# E-Commerce Funnel Analysis — Final Report

**Objective:**  
Use transactional data to understand customer behavior across the purchase funnel,
identify revenue drivers, and translate findings into actionable business insights.

**Dataset:** UCI Online Retail Dataset (2010–2011)  
**Author:** Hiruy Kassa  
**Tools:** Python, pandas, matplotlib, seaborn

## Executive Summary

- Analyzed ~390k completed purchases after cleaning and removing returns
- Identified sharp drop-off after first purchase
- Found strong revenue concentration among repeat and high-value customers
- Observed significant product-level revenue concentration
- RFM segmentation highlights a small group of “Champions” driving outsized value

**Key Insight:**  
Improving customer retention has a higher ROI than increasing acquisition volume.

In [7]:
import pandas as pd
import matplotlib.pyplot as plt
import seaborn as sns

cleaned = pd.read_csv("../data/processed/cleaned_purchases.csv")
customers = pd.read_csv("../data/processed/customer_metrics.csv")
products = pd.read_csv("../data/processed/product_performance.csv")
rfm = pd.read_csv("../data/processed/rfm_analysis.csv")

## Customer Funnel Overview

The funnel shows significant attrition after the first purchase,
with only a minority of customers becoming repeat or high-value buyers.

In [6]:
funnel_counts = {
    "One-Time Customers": (customers["order_count"] == 1).sum(),
    "Repeat Customers": (customers["order_count"] > 1).sum(),
    "High-Value Customers": (customers["total_revenue"] > 1000).sum()
}

pd.Series(funnel_counts).plot(kind="bar", title="Customer Funnel Breakdown")
plt.ylabel("Number of Customers")
plt.show()

KeyError: 'order_count'

## Customer Value Distribution

Customer revenue is highly skewed, with a small subset contributing a
disproportionate share of total revenue.

In [None]:
sns.histplot(customers["total_revenue"], bins=50)
plt.title("Customer Revenue Distribution")
plt.xlabel("Total Revenue per Customer")
plt.show()

## RFM Segmentation

RFM analysis highlights a small group of high-frequency, high-value customers
(“Champions”) that represent a critical revenue segment.

In [None]:
rfm.groupby("rfm_segment")["monetary"].mean().sort_values().plot(
    kind="barh", title="Average Revenue by RFM Segment"
)
plt.show()

## Product Performance

Revenue is concentrated among a limited number of products,
creating potential dependency risk.

In [None]:
top_products = products.sort_values("total_revenue", ascending=False).head(10)

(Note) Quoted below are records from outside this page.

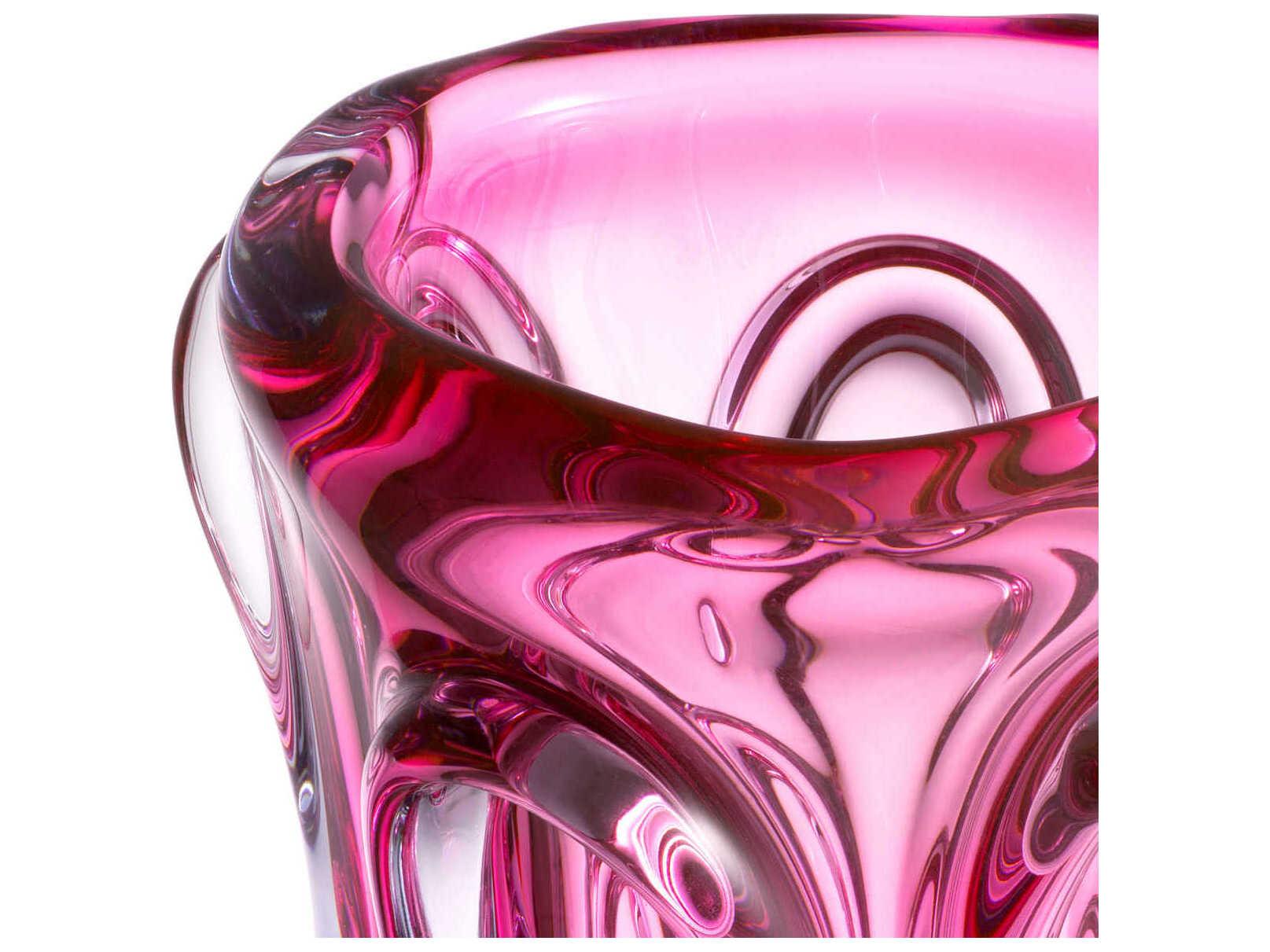 Eichholtz Aila L Pink Vase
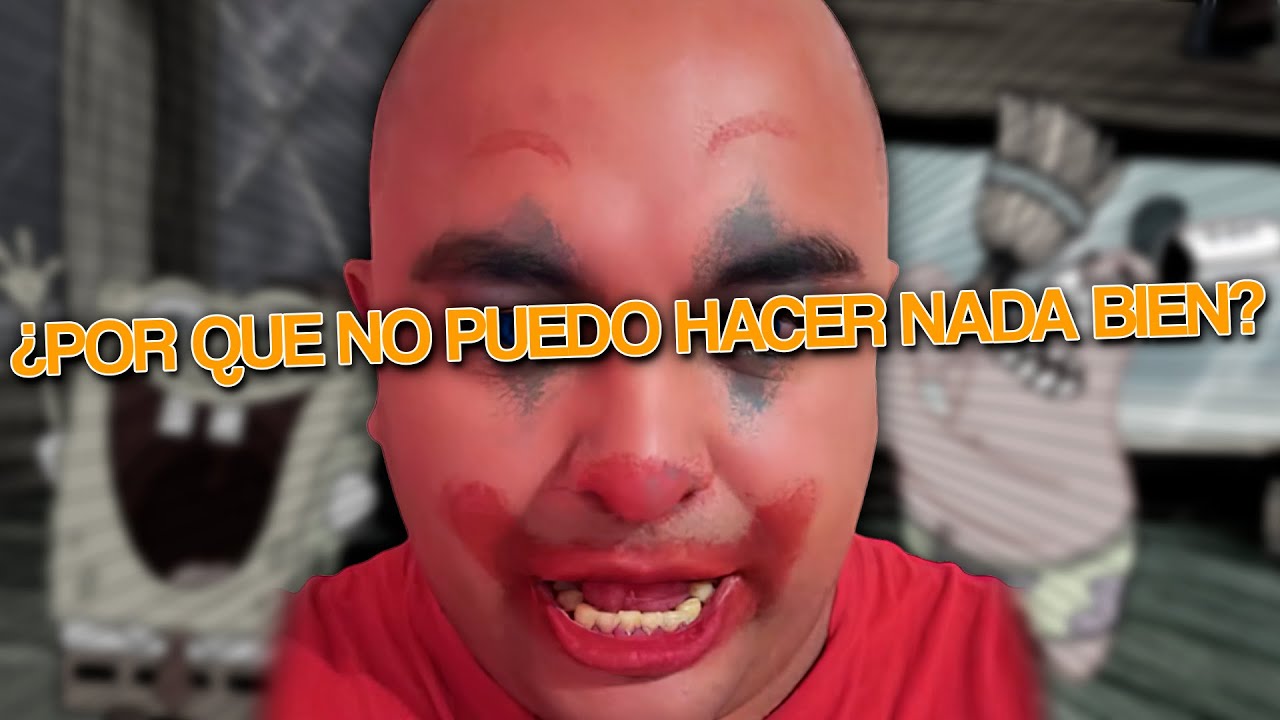 KBEZUKO y el BUCLE del FRACASO: Sus Intentos por VIVIR de redes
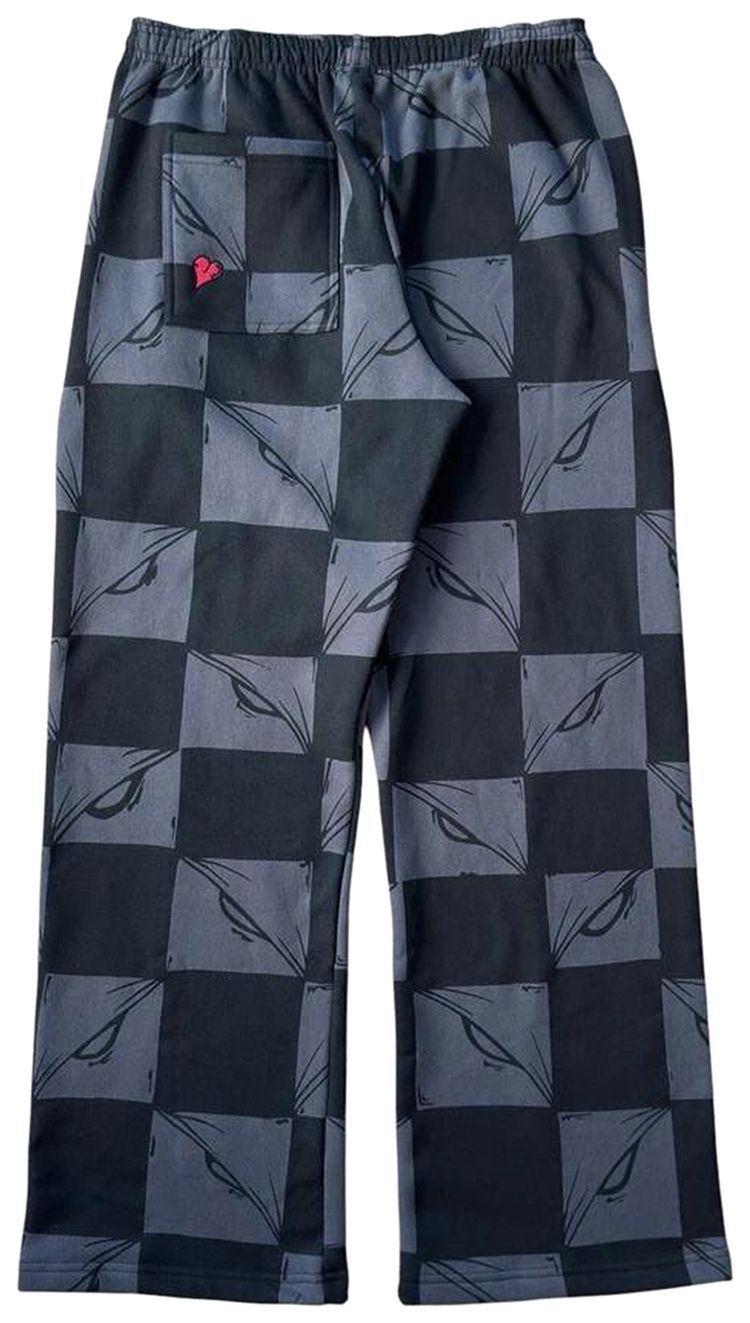 Matty Boy Anti Promo 99 Eyez Sweatpants BlackGrey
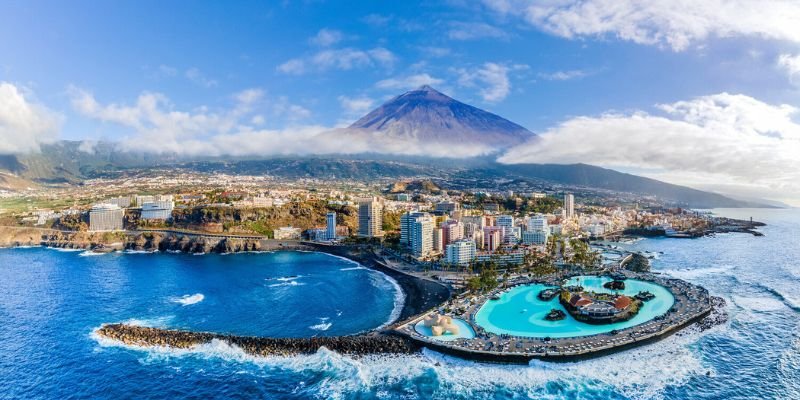 Binter Canarias La Gomera Office in Spain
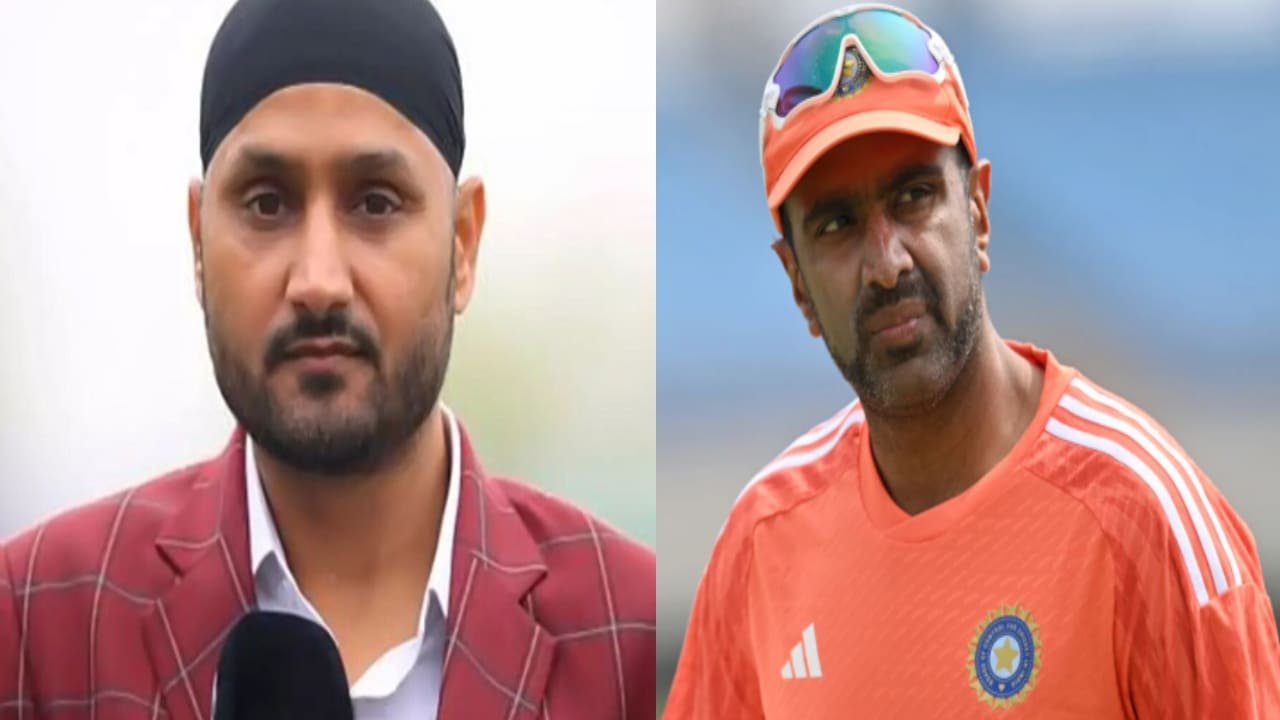 Harbhajan Singh, Ravi Ashwin recall playing days, criticism reaction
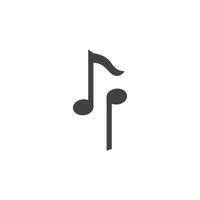 Music Note Icon Vector Images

sns.barplot(x="total_revenue", y="product", data=top_products)
plt.title("Top 10 Products by Revenue")
plt.show()

## Returns Overview

Returns represent a small but important subset of transactions
and should be monitored for operational and quality insights.

In [None]:
returns = pd.read_csv("../data/processed/returns.csv")
returns.shape

## Business Recommendations

1. Prioritize retention strategies for first-time buyers
2. Invest in loyalty programs targeting repeat and RFM “Champion” customers
3. Diversify product offerings to reduce revenue concentration risk
4. Monitor returns as a signal of product or fulfillment issues

## Limitations & Next Steps

**Limitations**
- Historical dataset (2010–2011)
- No marketing channel or session-level data
- No customer demographics

**Next Steps**
- Predict repeat purchase probability using classification models
- Integrate time-based cohort analysis
- Build dashboards for ongoing monitoring

## Conclusion

This project demonstrates how clean data pipelines and structured analysis
can uncover meaningful insights from transactional data.
The findings reinforce the importance of customer retention and data-driven
decision making in e-commerce systems.